任文冰大聲道:「我師傅曾經說過,在這個世界上賭博和毒品是不能沾上的兩種東西,這兩樣都是害人不淺。可是我今天沒有聽我師傅的話,果然,我賭輸了,而且還輸了一隻手。」
張強皺了皺眉頭,道:「我說了,這隻手我已經不打算要了。」
任文冰每一次張開嘴都會牽扯到身體上的傷勢一陣劇痛,可是他卻仍舊臉色蒼白地大聲地說道:「我師傅還說了,賭博這種東西不許沾惹,可是一旦沾惹了,就要明白願賭服輸,否則我就連一個賭徒都比不上了,我今天和你賭,上次和阿飛也賭,雖然我師傅早已經不在了,可是如果他還在世,心中恐怕也會感到失望的,如果我再做不到願賭服輸,恐怕就更加地讓我師傅失望了。
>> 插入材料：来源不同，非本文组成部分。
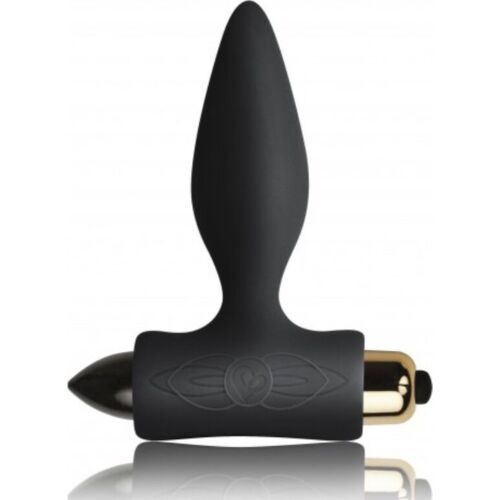 Sensations Petite Plug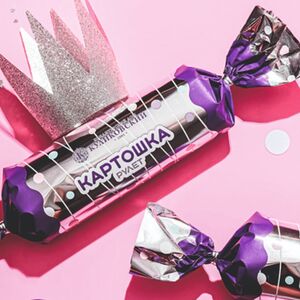 Пирожное Картошка рулет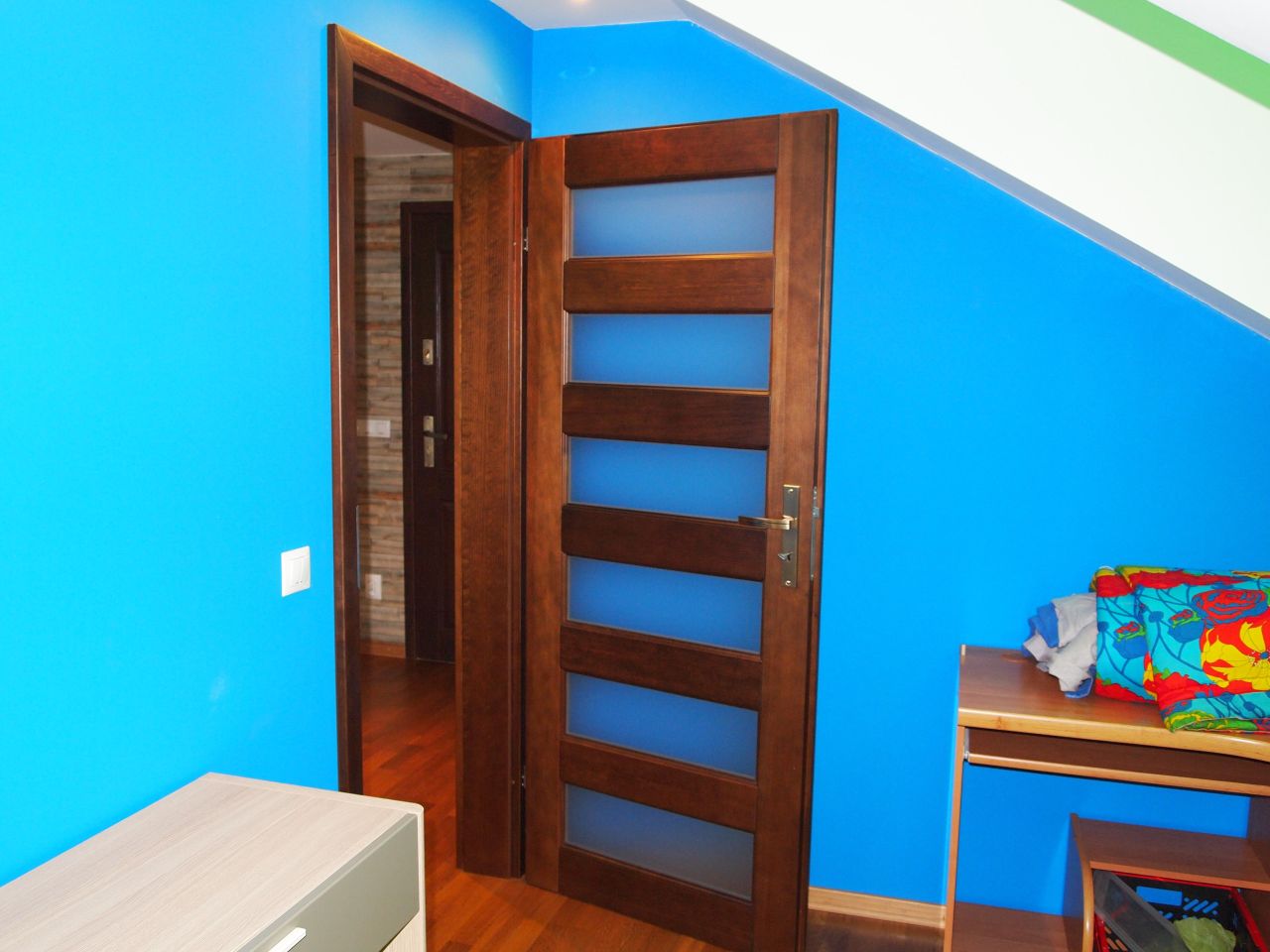 dom szeregowy, 7 pokoi Jerzmanki. Zdjęcie 48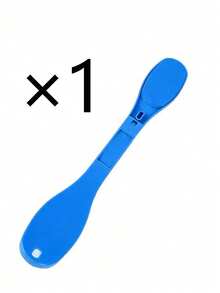 1件裝背部乳液塗抹器－可用於將乳液塗抹至背部的工具；適用於日常居家使用、商務旅行、美容店、沙龍、度假等場景 - 彩色 - 查看 8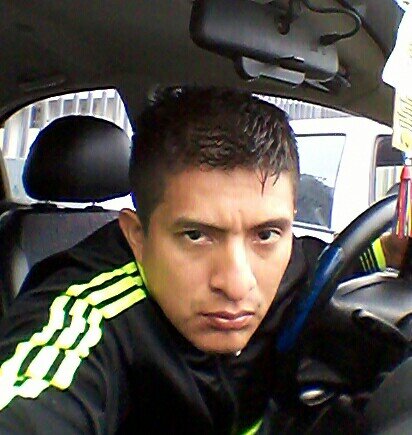 Heinner Jama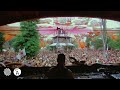 Captain Hook & Astrix - Bungee Jump (Perfect Stranger remix) @ Ozora Festival 2023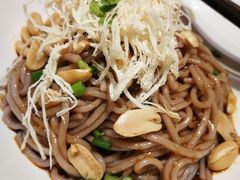 鸡丝荞面-望蓉城·古法酸菜鱼(世纪汇店)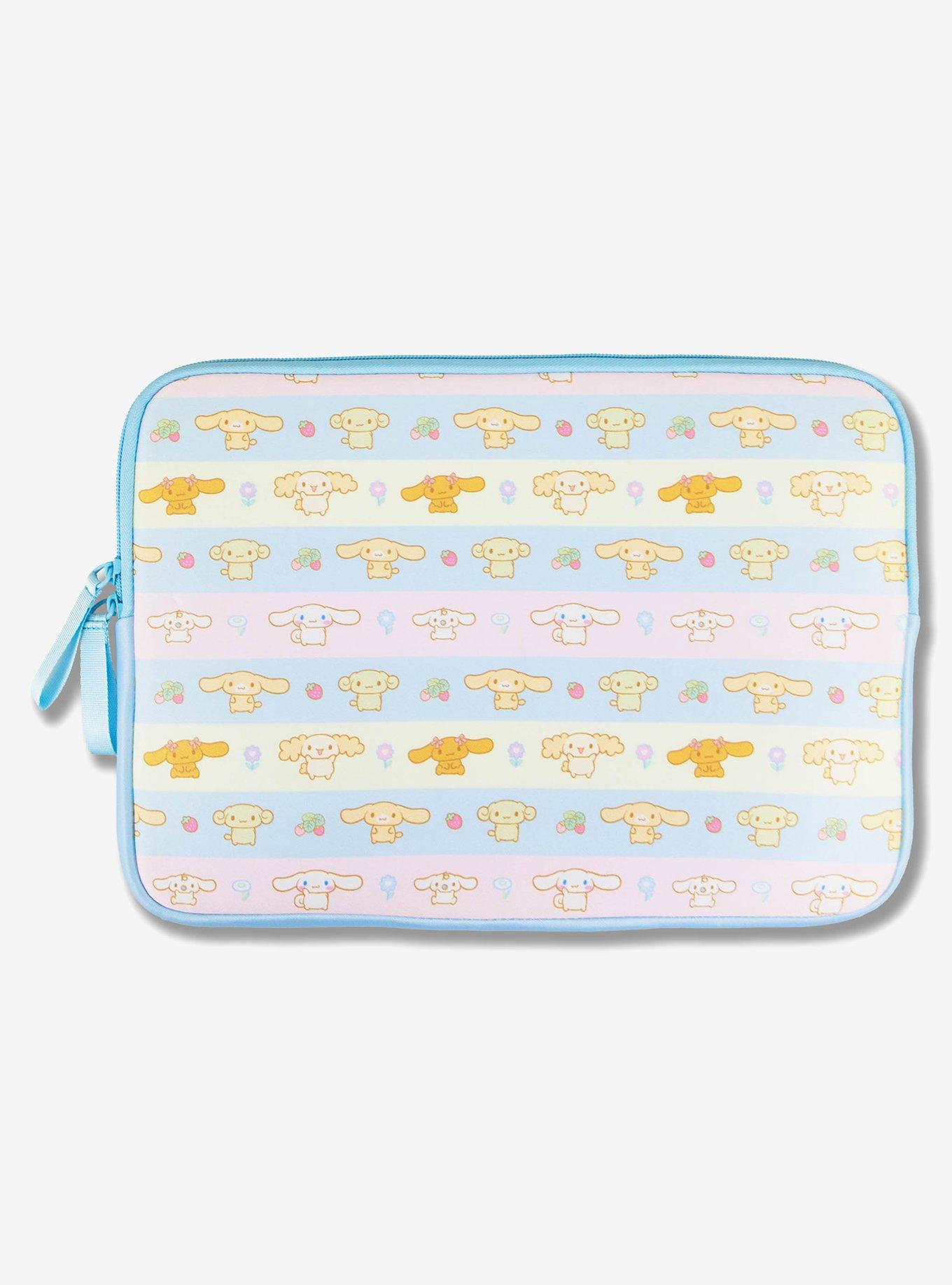 Sonix x Cinnamoroll + Mocha 16" Laptop Case, , hi-res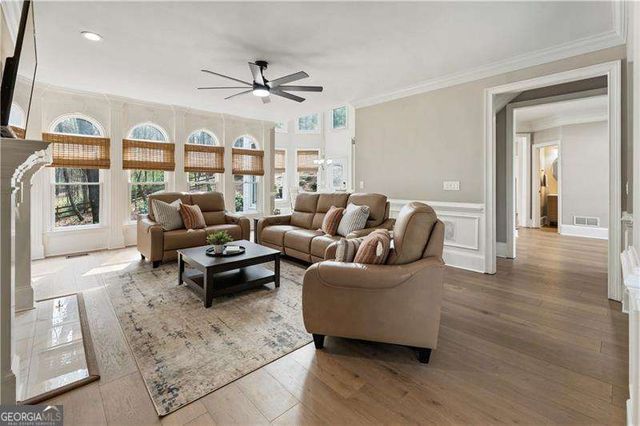 735 Americas Cup Cove, Alpharetta, GA 30005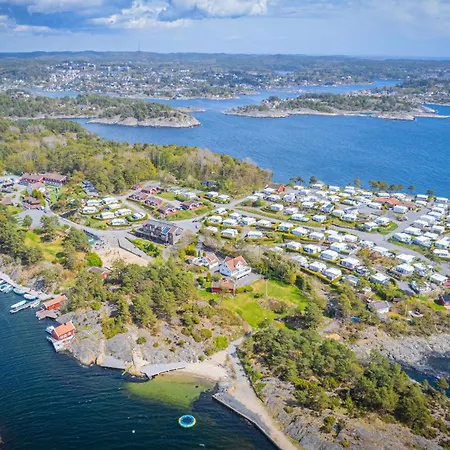 Kristiansand Feriesenter-3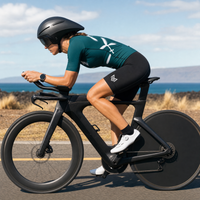 MANAULF KSA-Saudi Arabia SONIC TriSuit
」
張強聽了任文冰的話,心中一陣驚訝,道:「你這話是什麼意思?」
任文冰忽然伸出了自己的左手,苦澀地笑道:「我師傅說過願賭服輸,我既然輸給了你一隻手,那麼我就要給你一隻手,男子漢一口唾沫都是一根鋼釘,強哥,這隻手我給你!」
說著,在張強還來不及阻止的情況下,他的右手忽然伸了出來,一把握住了自己的左手,只聽喀嚓一聲,他的左手被他毫不留情地掰斷了。整個地下賭場都變得異常的肅靜,張強充滿了不可思議地看著疼得幾乎要昏厥過去的任文冰,張強也可以做到無情,可是那是在面對敵人,他自問自己還無法做到對自己也如此的無情。在這個時候張強已經不恨任文冰了,阿飛雖然一隻手廢在了任文冰的手裡,可是這對於任文冰來說或許目的非常的單純,那就是願賭服輸,既然阿飛輸了,就理應支付賭注。任文冰雖然輸了,可是他並不是一個輸家,他所做出的事情,即使換做自己恐怕也是做不到的,張強實在無法想像自己也有勇氣就這麼的掰斷自己的一隻手,這種人在張強看來實際上是充滿了迂腐的,可是張強此時對他卻充滿了敬意,張強愣愣地看著任文冰,良久才歎息了一聲,道:「你是一個男人,一個真正的男人,你的師傅會以你為驕傲的。」
任文冰搖了搖頭,掙扎著爬坐在了地上,看著台下的魏老三,道:「三哥,我從此以後就是一個廢人了,再也無法對你起到任何的幫助了,幫忙把我給送回家吧。」
魏老三還沒有說話,張強看著任文冰,忽然語氣嚴肅地說道:「如果你自認為從此以後自己將是一個廢人的話,那麼我瞧不起你。」
看著任文冰毫無生機的樣子,張強冷冷地道:「奧斯特洛夫斯基作品當中的保爾。柯察金最後即使只能夠躺在病床上,卻依然擁有鋼鐵一般的意志,而你呢,只不過是沒有了一直左手而已,這就算得上是世界末日了麼?」
任文冰聽了張強的話,不禁沉默不語,這個時候魏老三忽然大喊道:「張強,你可算是也能夠說出一句人話了,快來人,快點將他送我車上,我們這就去醫院。」
說著,一群人匆忙將任文冰從擂台上抬了下去,而張強的話顯然是起到了作用,任文冰雖然疼得滿臉蒼白,但是眼神卻又恢復了原來的堅定。
台下的張海洋問道:「保爾。柯察金是什麼人?」
付海有些得意地說道:「這回你可就不如我了,他是俄羅斯小說當中的人物。」
張海洋問道:「什麼小說有那麼大的魅力,有時間我也去看看。」
付海想了想,道:「好像叫《壞蛋是怎麼樣煉成的》吧。」
孫宇聽著他們兩個人的對話,不由得露出了一副無奈的樣子,道:「是《鋼鐵是怎樣煉成的》,不是《壞蛋是怎樣煉成的》。」
「哦。」張海洋若有所思道,「確實有點耳熟,好像是金庸的三部曲。」
付海點了點頭,道:「三部曲的另外一本是關於煉製什麼的?」
孫宇悄悄從兩人之間退了出去,內心徹底被他們兩個打敗了。